> [WORK INSTRUCTION] A picture-free, exact reproduction of the listing that follows is required.

> [RECORDED INFORMATION]
═══

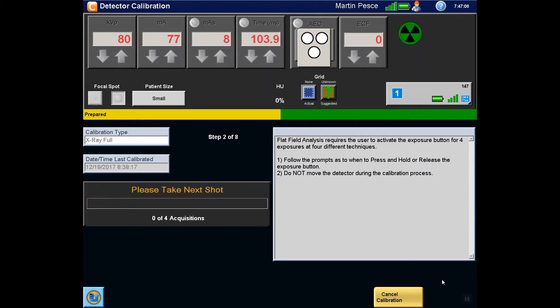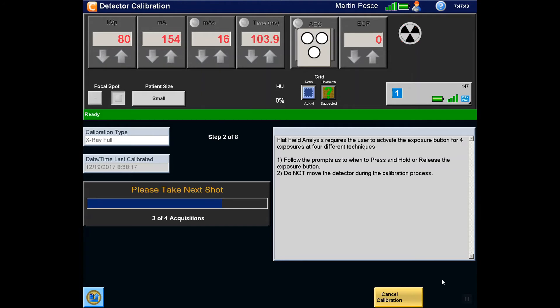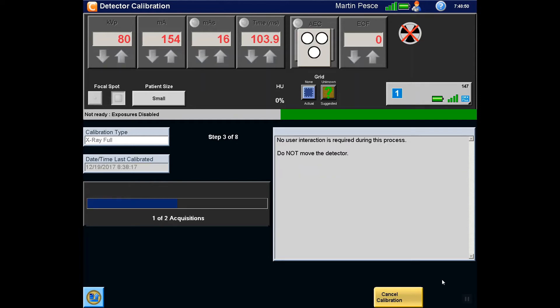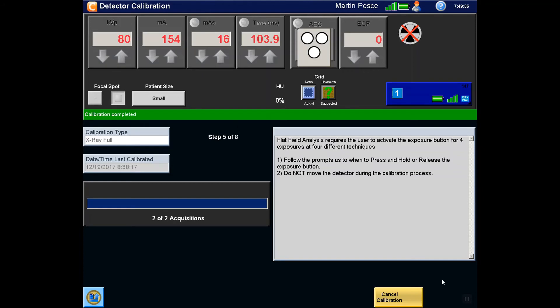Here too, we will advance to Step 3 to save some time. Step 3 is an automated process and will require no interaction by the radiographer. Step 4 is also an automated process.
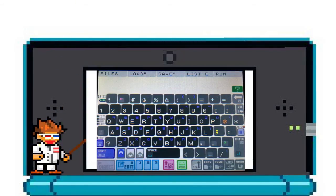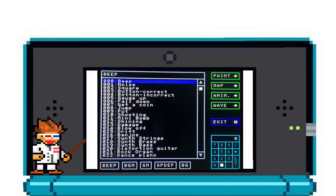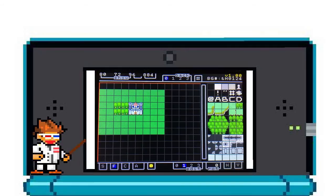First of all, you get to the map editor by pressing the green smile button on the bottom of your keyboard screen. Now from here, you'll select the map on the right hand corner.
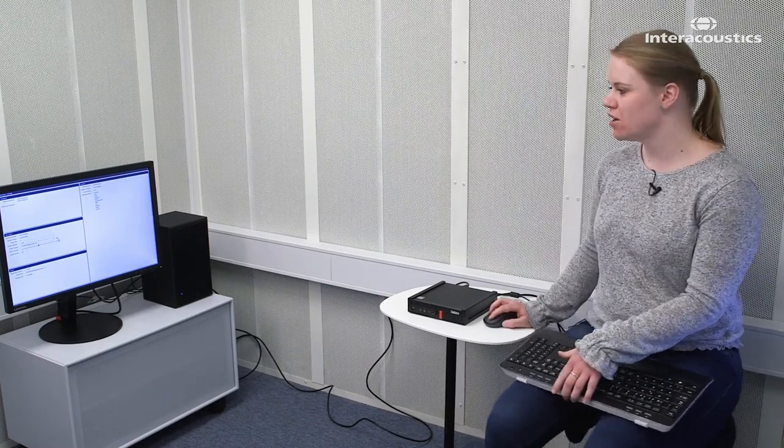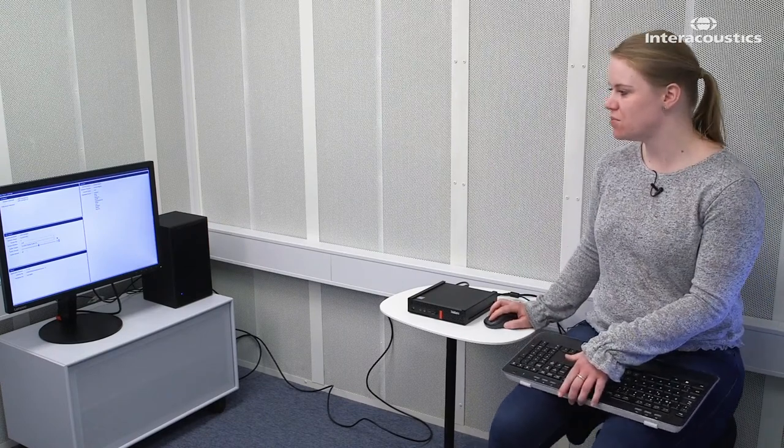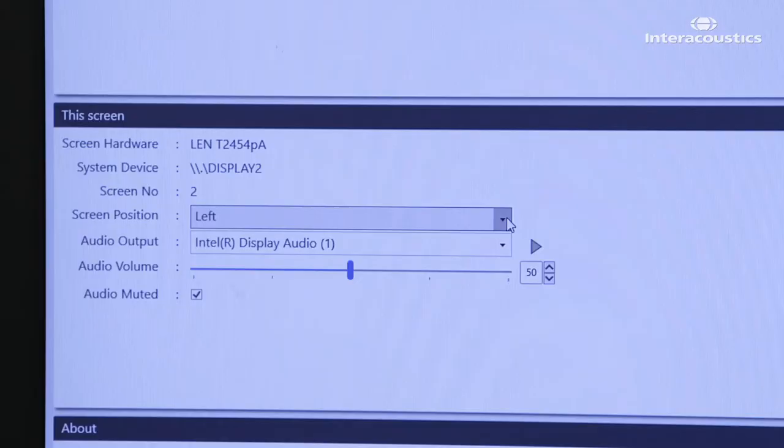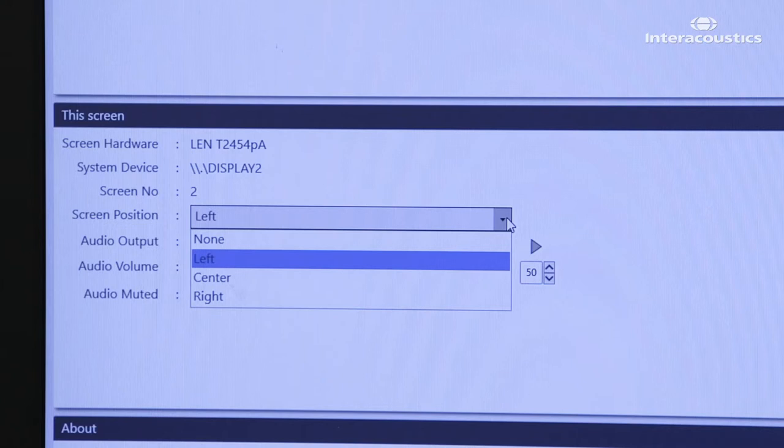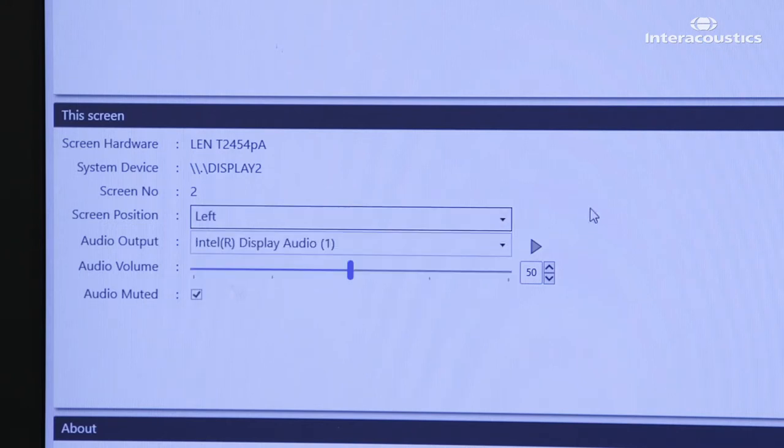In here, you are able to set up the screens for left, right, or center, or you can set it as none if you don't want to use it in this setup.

═══

> [SOLVED EXERCISE]
Here too, we will advance to Step 3 to save some time. Step 3 is an automated process and will require no interaction by the radiographer. Step 4 is also an automated process.
First of all, you get to the map editor by pressing the green smile button on the bottom of your keyboard screen. Now from here, you'll select the map on the right hand corner.
In here, you are able to set up the screens for left, right, or center, or you can set it as none if you don't want to use it in this setup.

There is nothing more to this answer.